NYISO increases its CONE every year between its quadrennial demand curve resets (DCRs) to account for inflation. It uses data from inflation indices for four major components of engineering, procurement and construction costs: generating equipment, labor, materials and other miscellaneous costs.
Stakeholders have raised concerns that the Analysis Group’s recommendation of a two-hour lithium ion battery storage system as the peaker plant for the 2025-29 DCR — a change from GE Vernova’s 7HA.02 gas turbine — leads to higher CONE values.
But the consultancy said the increase is attributed to factors that are not taken into account in the annual update — and they should not be.

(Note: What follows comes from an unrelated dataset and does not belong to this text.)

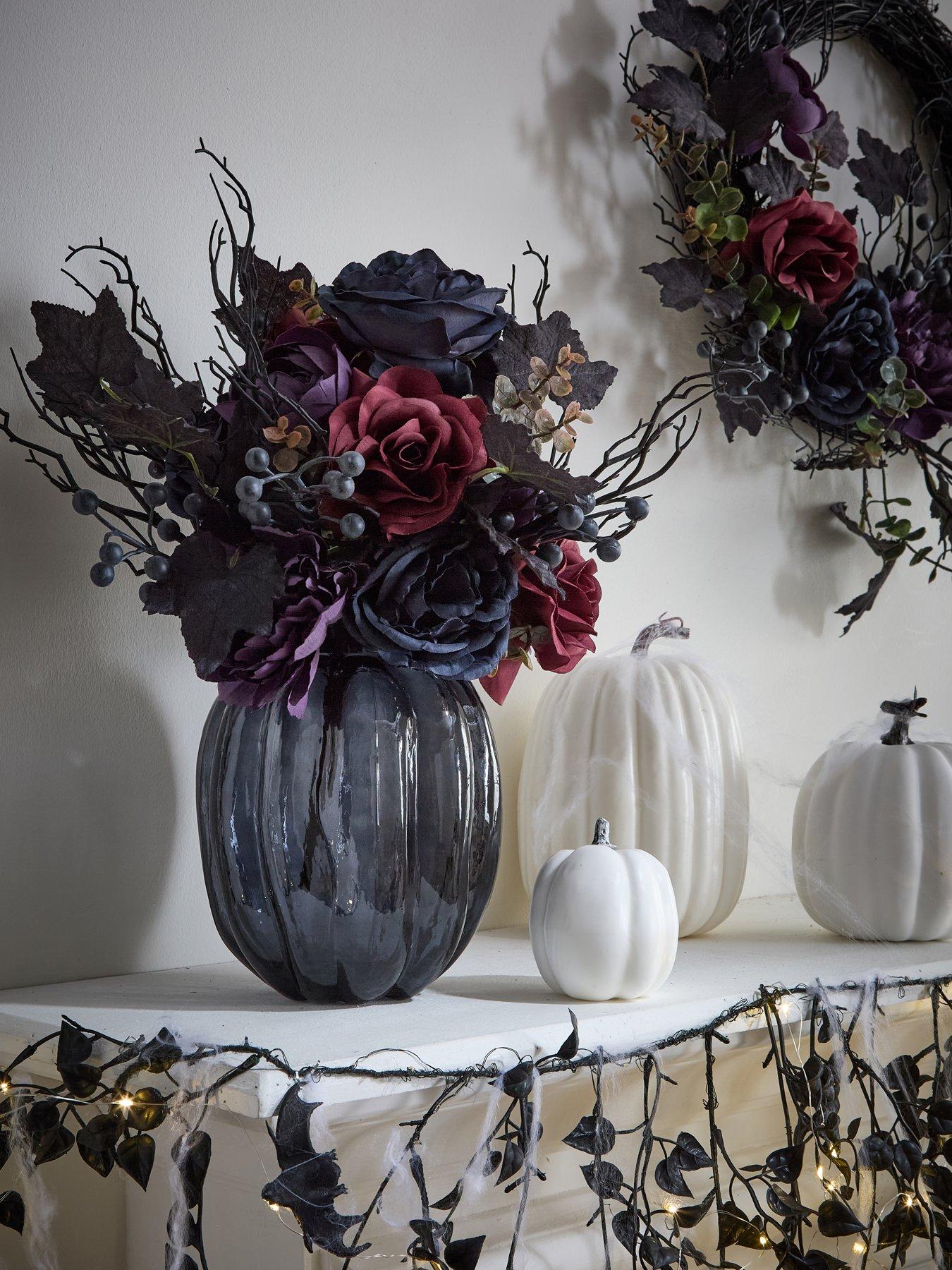 Image 2 of 6 of Very Home Halloween Floral Arrangement in Glass Vase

“In our view, annual updates are not designed to replicate a full demand curve reset,” Daniel Stuart, a manager and public policy expert for Analysis Group, told the Installed Capacity Working Group. “They just can’t consider policy changes in market factors, [such as] federal policy that provides a new tax credit for battery storage technology that will never be picked up on an inflation index.”
The consultancy did, however, change an index it had recommended to estimate the generating equipment component for battery storage systems to one that that excludes lead acid batteries.

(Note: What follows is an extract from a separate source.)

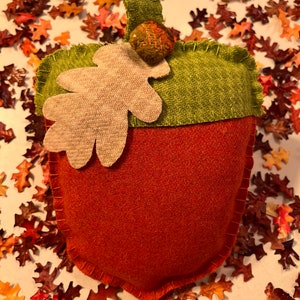 Hand Sewn Wool Acorn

“That seems like a helpful improvement to exclude a kind of battery that is quite different from lithium ion batteries,” said Stuart. “But beyond that, we have not found any other indices that more accurately reflect the changes and the four cost components defined in the tariff.”
Howard Fromer, director of regulatory affairs for Bayonne Energy Center, expressed concern that utility-scale batteries would not be accurately represented by the new index because they represent a small minority of the batteries included.
“It’s going to get watered down by including a lot of stuff [that] aren’t even subject to tariffs,” Fromer said. “We’re going to miss a huge potential component going forward.”
Stuart asked what other index should be used. Fromer suggested adjusting the index; Doreen Saia, chair of the Albany office of energy and natural resources practice for Greenberg Traurig, said the risk factor could be adjusted.
“Throwing up our hands and saying, ‘We just can’t get there,’ doesn’t ignore the fact that an investor will just throw up his hands,” Saia said.
Amanda De Vito Trinsey, a lawyer with Couch White representing New York City and Multiple Intervenors (MI) — a group of large industrial, commercial and institutional energy consumers — stepped in.
“I hear what everyone’s saying, and I understand the concern,” Trinsey said. “We don’t know what will happen, and so I think we’re doing the best with what we have in place. The city and MI support the process that you have here, and we don’t see any reason to depart. … What we have now captures that risk adequately.”